### WHAT YOU ARE ASKED TO DO
For the records below, print the lines from the line with "Trademark Fine Art" through the line with "8358 Delta Line Rd, Custer, WA 98240" exactly as written; include both end lines and exclude the rest.

### DATA FOR ANALYSIS
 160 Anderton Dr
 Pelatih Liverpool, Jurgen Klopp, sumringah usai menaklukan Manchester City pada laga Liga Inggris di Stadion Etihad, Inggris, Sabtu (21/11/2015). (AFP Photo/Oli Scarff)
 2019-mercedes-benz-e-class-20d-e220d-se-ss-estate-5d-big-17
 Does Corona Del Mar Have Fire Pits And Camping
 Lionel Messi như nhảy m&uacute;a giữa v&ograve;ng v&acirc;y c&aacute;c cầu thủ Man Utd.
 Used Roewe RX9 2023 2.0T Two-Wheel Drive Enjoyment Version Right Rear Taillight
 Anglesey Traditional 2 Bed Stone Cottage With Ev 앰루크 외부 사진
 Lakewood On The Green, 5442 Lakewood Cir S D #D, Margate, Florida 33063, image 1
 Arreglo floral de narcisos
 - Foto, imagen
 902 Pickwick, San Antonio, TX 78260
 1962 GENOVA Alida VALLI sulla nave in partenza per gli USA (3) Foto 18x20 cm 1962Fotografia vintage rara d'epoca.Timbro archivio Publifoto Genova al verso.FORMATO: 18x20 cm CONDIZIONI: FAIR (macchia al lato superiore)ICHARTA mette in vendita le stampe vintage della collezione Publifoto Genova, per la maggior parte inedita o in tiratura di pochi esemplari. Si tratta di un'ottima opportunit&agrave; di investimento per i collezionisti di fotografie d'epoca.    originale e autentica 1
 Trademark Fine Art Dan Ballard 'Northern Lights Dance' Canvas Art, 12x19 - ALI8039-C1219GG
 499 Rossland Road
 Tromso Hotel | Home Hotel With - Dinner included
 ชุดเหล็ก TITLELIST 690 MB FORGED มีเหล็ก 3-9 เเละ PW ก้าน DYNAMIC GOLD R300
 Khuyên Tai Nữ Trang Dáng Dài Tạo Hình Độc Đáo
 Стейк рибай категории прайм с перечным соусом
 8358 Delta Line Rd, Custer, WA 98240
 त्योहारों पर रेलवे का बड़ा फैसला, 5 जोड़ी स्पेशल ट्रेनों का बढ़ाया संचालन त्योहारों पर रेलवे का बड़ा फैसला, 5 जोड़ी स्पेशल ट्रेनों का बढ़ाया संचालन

### EXPECTED OUTPUT
 Trademark Fine Art Dan Ballard 'Northern Lights Dance' Canvas Art, 12x19 - ALI8039-C1219GG
 499 Rossland Road
 Tromso Hotel | Home Hotel With - Dinner included
 ชุดเหล็ก TITLELIST 690 MB FORGED มีเหล็ก 3-9 เเละ PW ก้าน DYNAMIC GOLD R300
 Khuyên Tai Nữ Trang Dáng Dài Tạo Hình Độc Đáo
 Стейк рибай категории прайм с перечным соусом
 8358 Delta Line Rd, Custer, WA 98240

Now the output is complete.